== INFORMATION PROVIDED ==

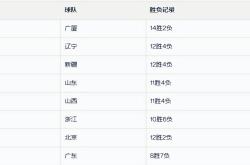 天津队主场告捷，积分榜逐渐攀升的简单介绍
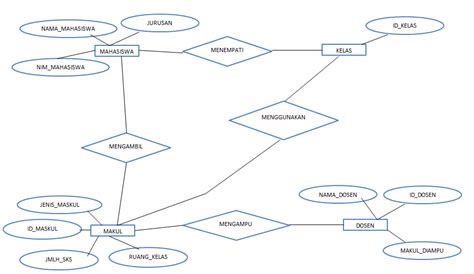 Contoh Erd Apotek Yang Bagus Script Source Code Contoh Program Images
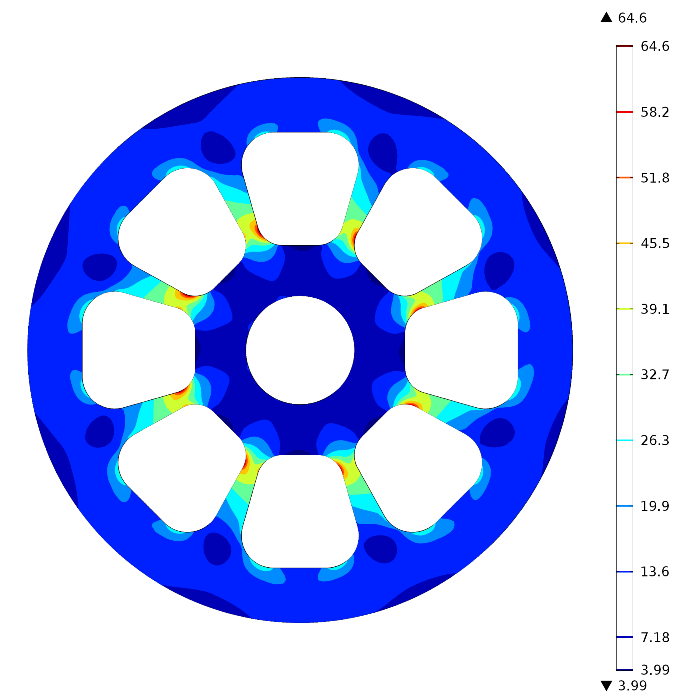 Contour plot that shows stresses in the pulley.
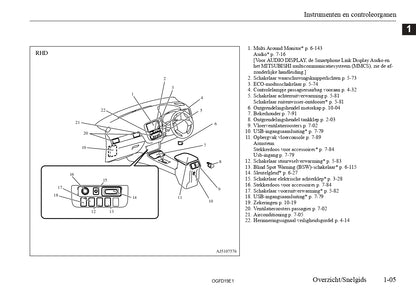 2018 Mitsubishi Outlander Owner's Manual | Dutch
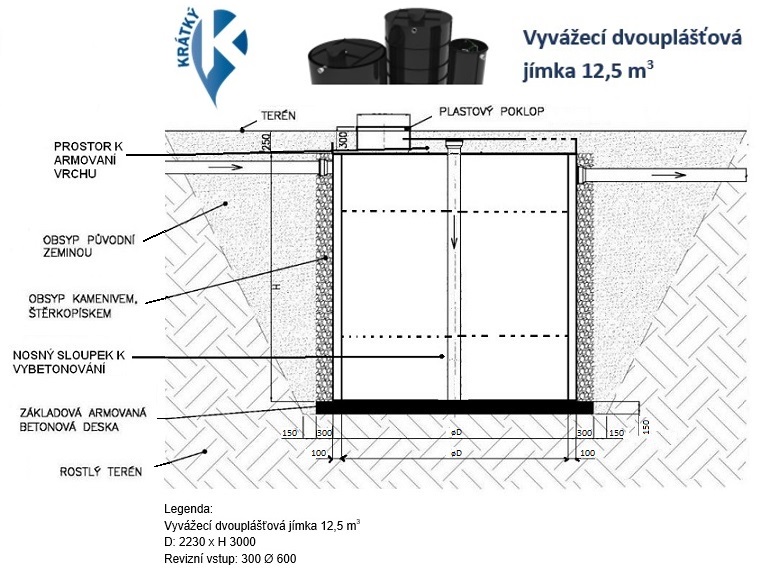 web Jimka dvoup. - 12,5 m³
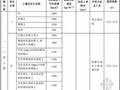 [广东]房屋建设工程概算定额(2012版)433页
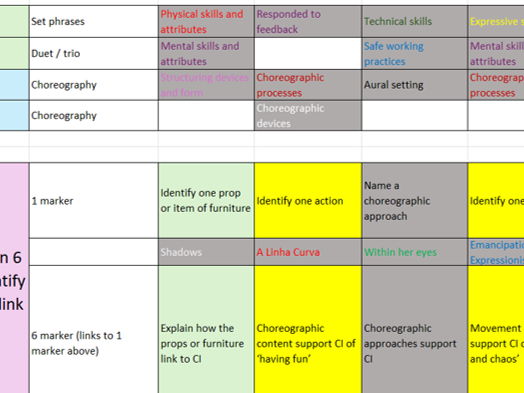 GCSE AQA dance spreadsheet of exam questions from papers 2018 - 2026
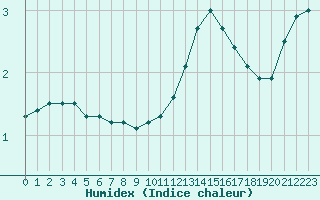 Courbe de l'humidex pour Gourdon (46)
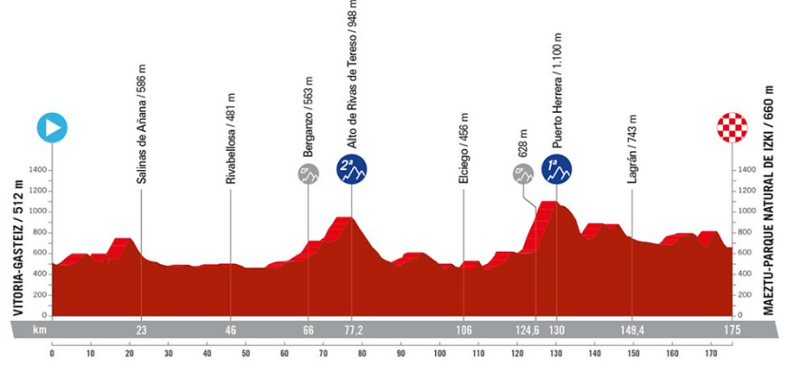 Vuelta 2024: Result of the 3rd stage and general classification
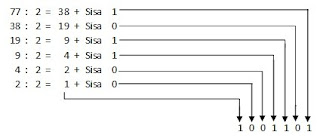 konversi bilangan desimal ke binary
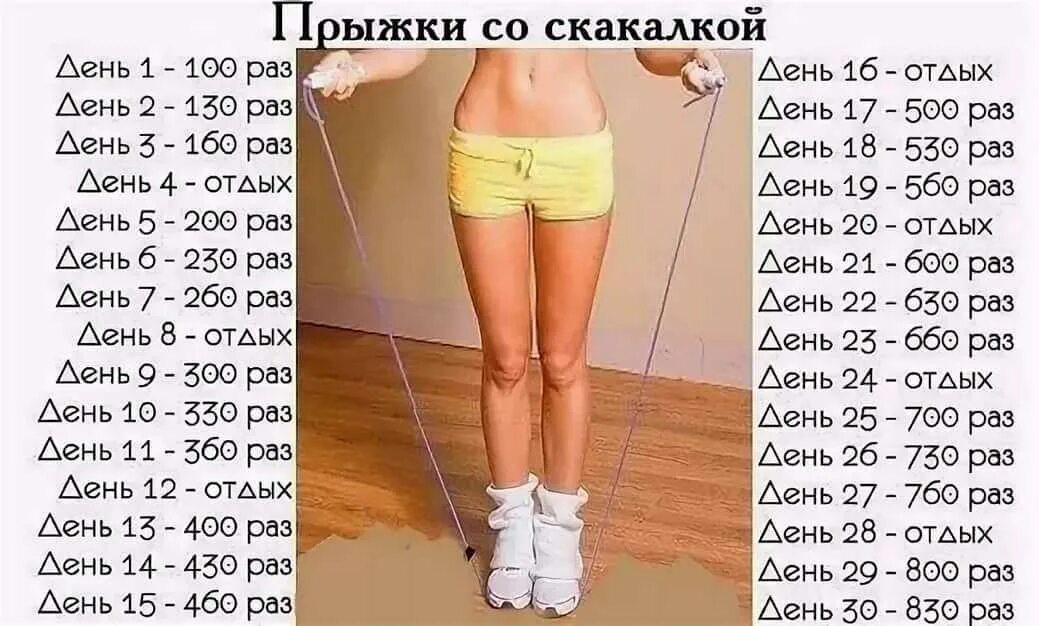 Как похудеть в ляжках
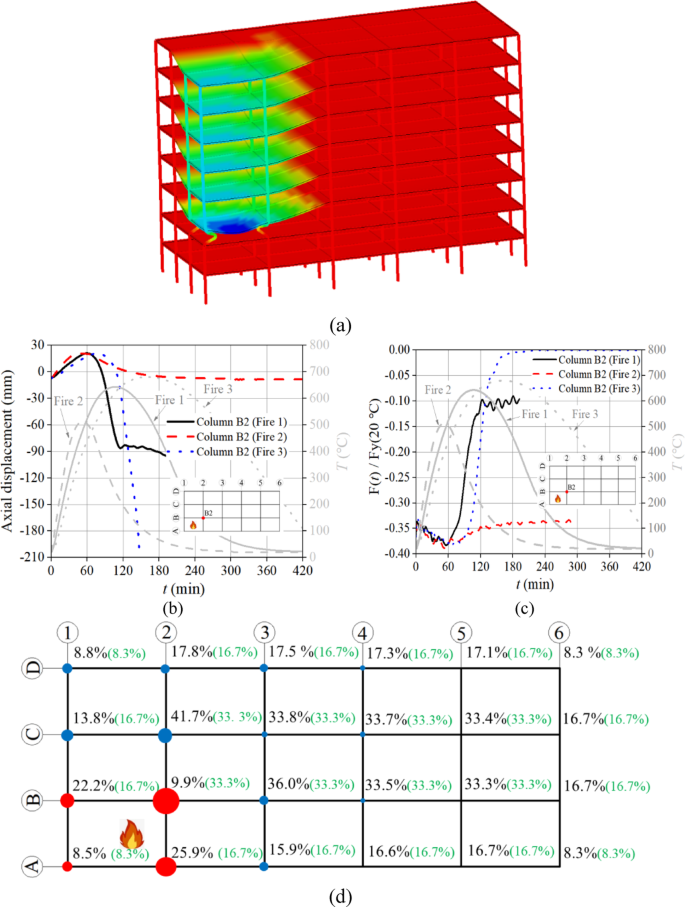 Numerical Study on the Effect of Multi-Compartment Spreading Fire ...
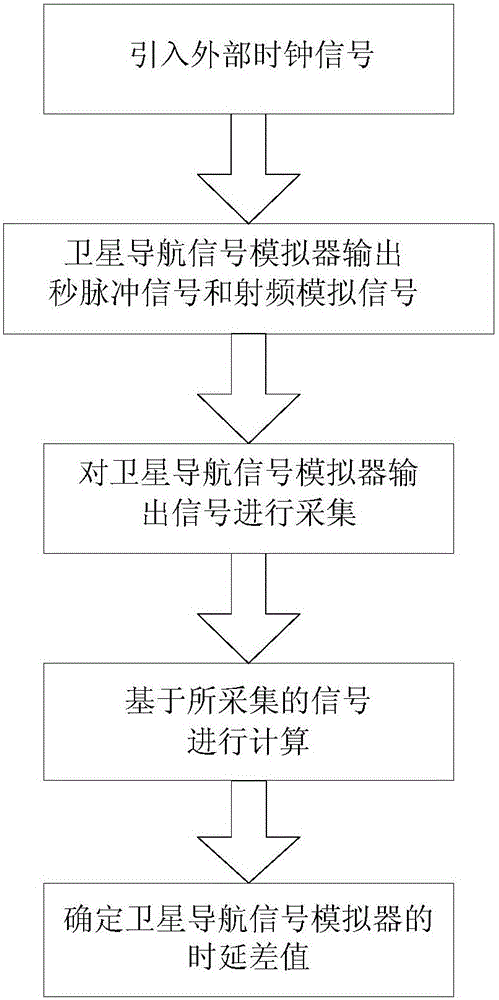 A system and method for self-time delay calibration of satellite navigation signal simulator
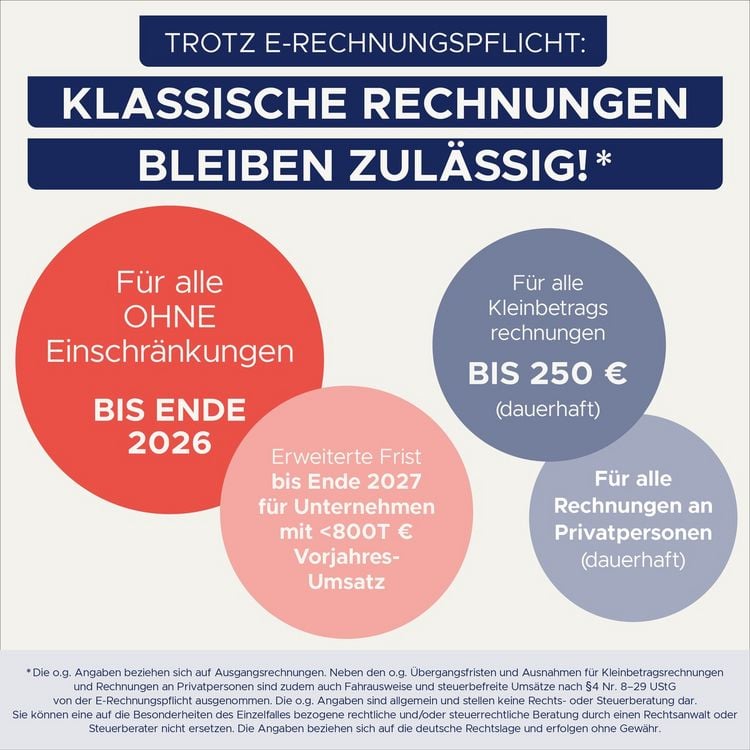 Produktbild: AVERY Zweckform Rechnung selbstdurchschreibend DIN A5 3x40 Blatt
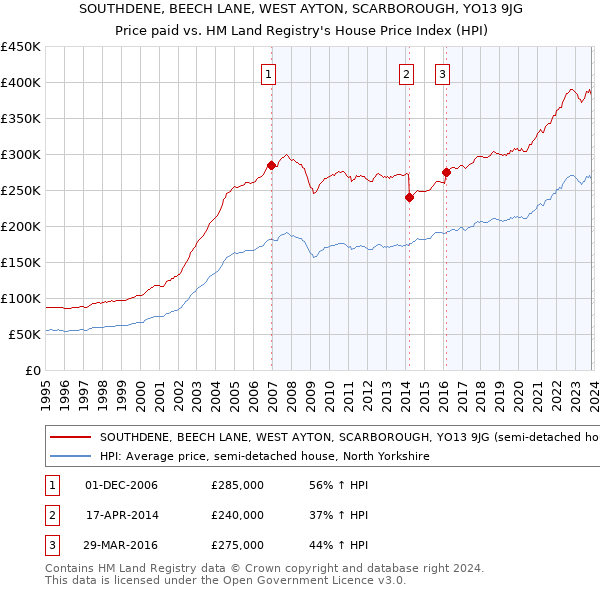 SOUTHDENE, BEECH LANE, WEST AYTON, SCARBOROUGH, YO13 9JG: Price paid vs HM Land Registry's House Price Index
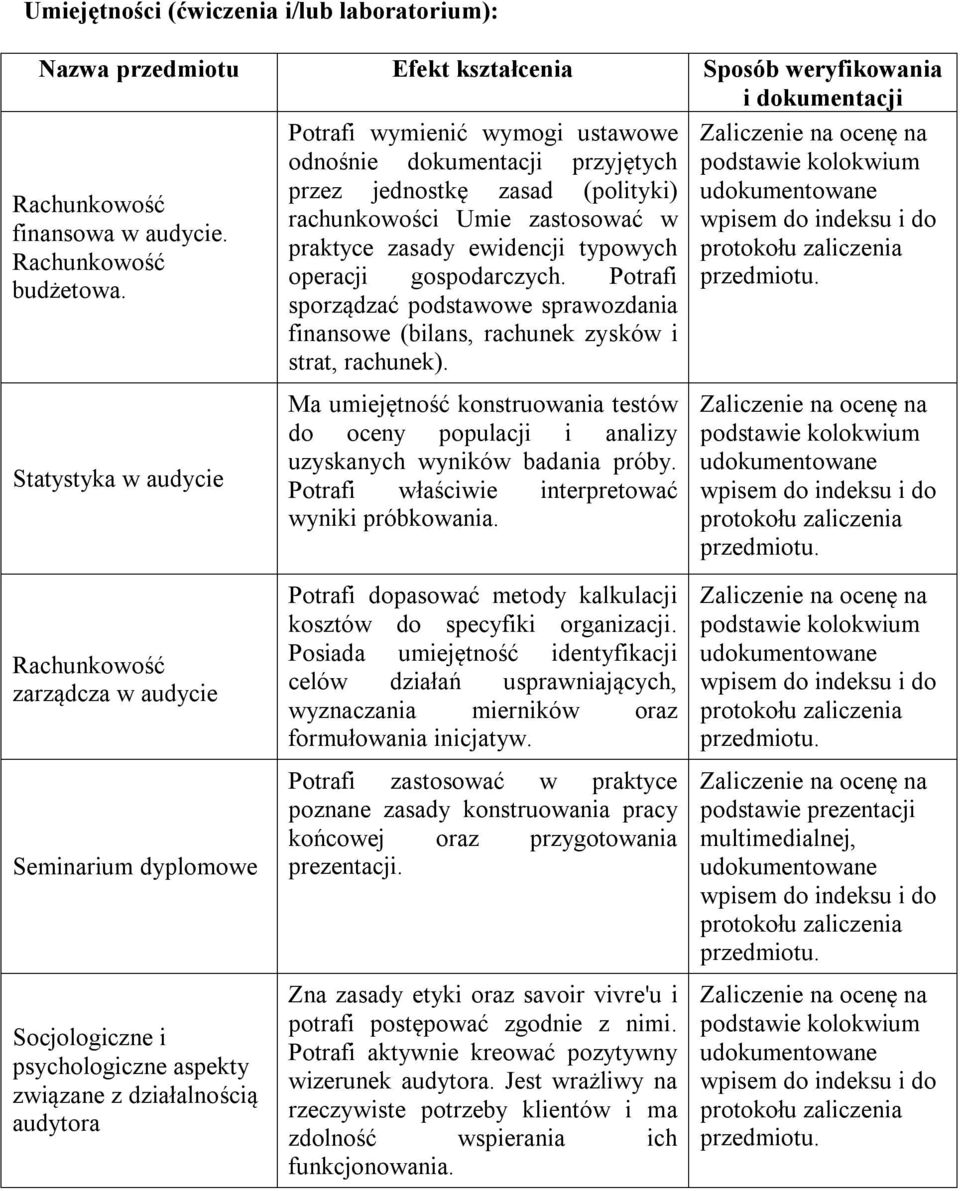 gospodarczych. Potrafi sporządzać podstawowe sprawozdania finansowe (bilans, rachunek zysków i strat, rachunek).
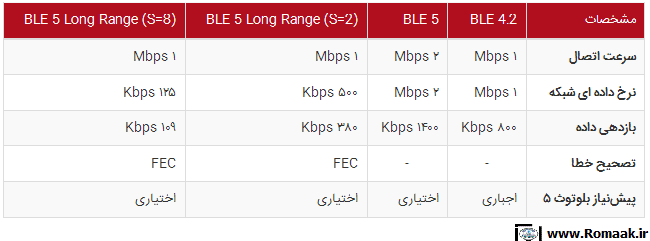 [تصویر:  do.php?img=3864]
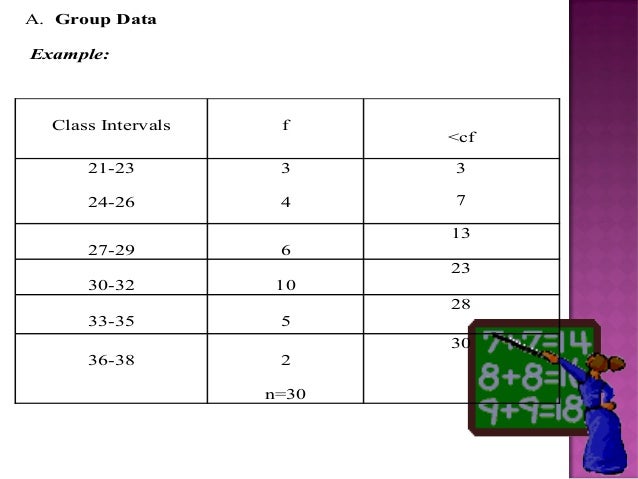sample variation standard calculator
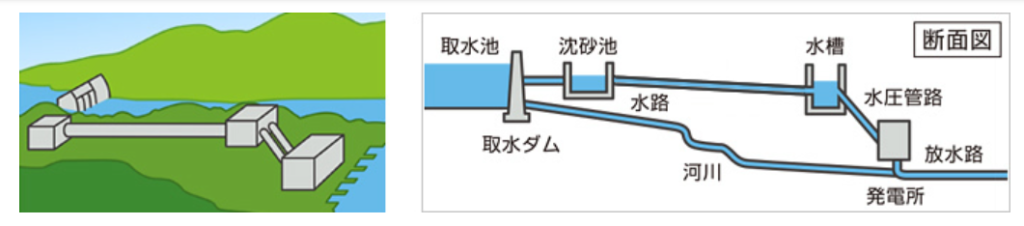 水路式水力発電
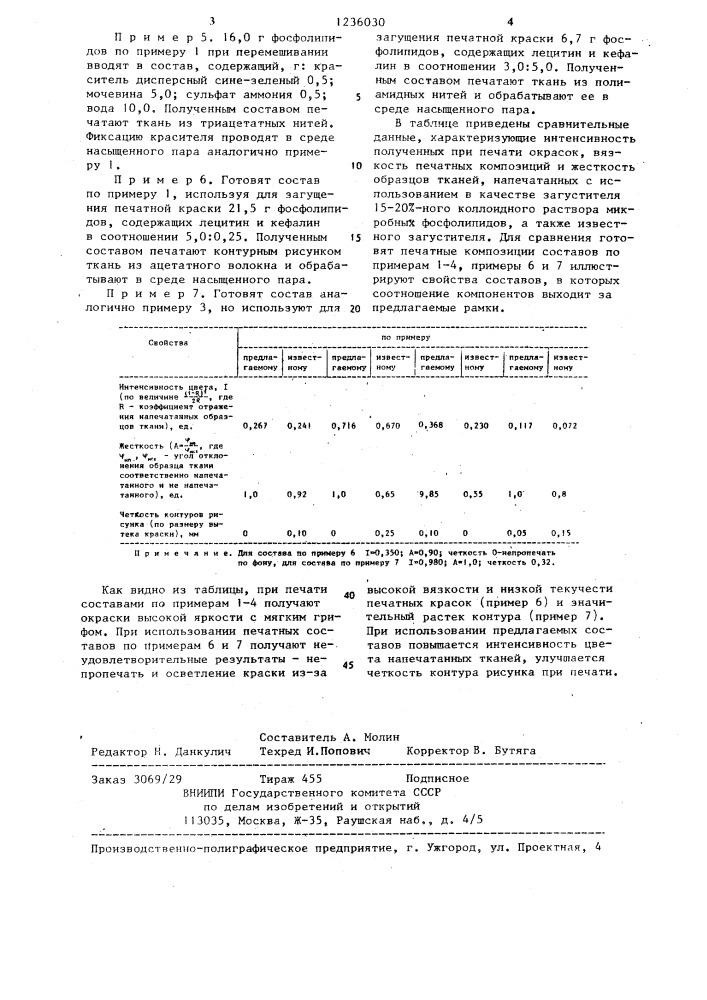 Состав для печати на тканях из химических волокон (патент 1236030)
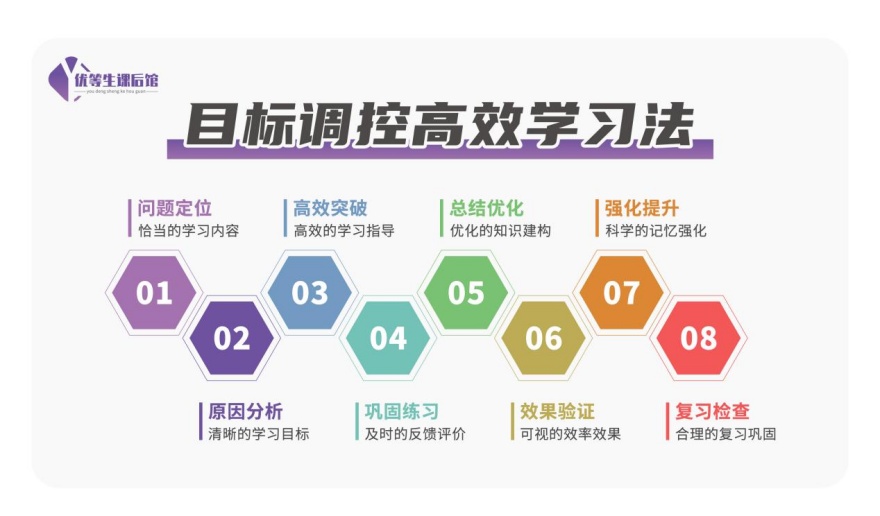 2025(避坑指南)内蒙中考集训十大辅导机构汇总必看-呼市中考集训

===

Write every entry again exactly as given, skipping the pictures.

ANSWER BOX:
 天津队主场告捷，积分榜逐渐攀升的简单介绍
 Contoh Erd Apotek Yang Bagus Script Source Code Contoh Program Images
 Contour plot that shows stresses in the pulley.
 2018 Mitsubishi Outlander Owner's Manual | Dutch
 web Jimka dvoup. - 12,5 m³
 [广东]房屋建设工程概算定额(2012版)433页
 GCSE AQA dance spreadsheet of exam questions from papers 2018 - 2026
 Courbe de l'humidex pour Gourdon (46)
 Vuelta 2024: Result of the 3rd stage and general classification
 konversi bilangan desimal ke binary
 Как похудеть в ляжках
 Numerical Study on the Effect of Multi-Compartment Spreading Fire ...
 A system and method for self-time delay calibration of satellite navigation signal simulator
 Produktbild: AVERY Zweckform Rechnung selbstdurchschreibend DIN A5 3x40 Blatt
 SOUTHDENE, BEECH LANE, WEST AYTON, SCARBOROUGH, YO13 9JG: Price paid vs HM Land Registry's House Price Index
 gospodarczych. Potrafi sporządzać podstawowe sprawozdania finansowe (bilans, rachunek zysków i strat, rachunek).
 [تصویر:  do.php?img=3864]
sample variation standard calculator
 水路式水力発電
 Состав для печати на тканях из химических волокон (патент 1236030)
 2025(避坑指南)内蒙中考集训十大辅导机构汇总必看-呼市中考集训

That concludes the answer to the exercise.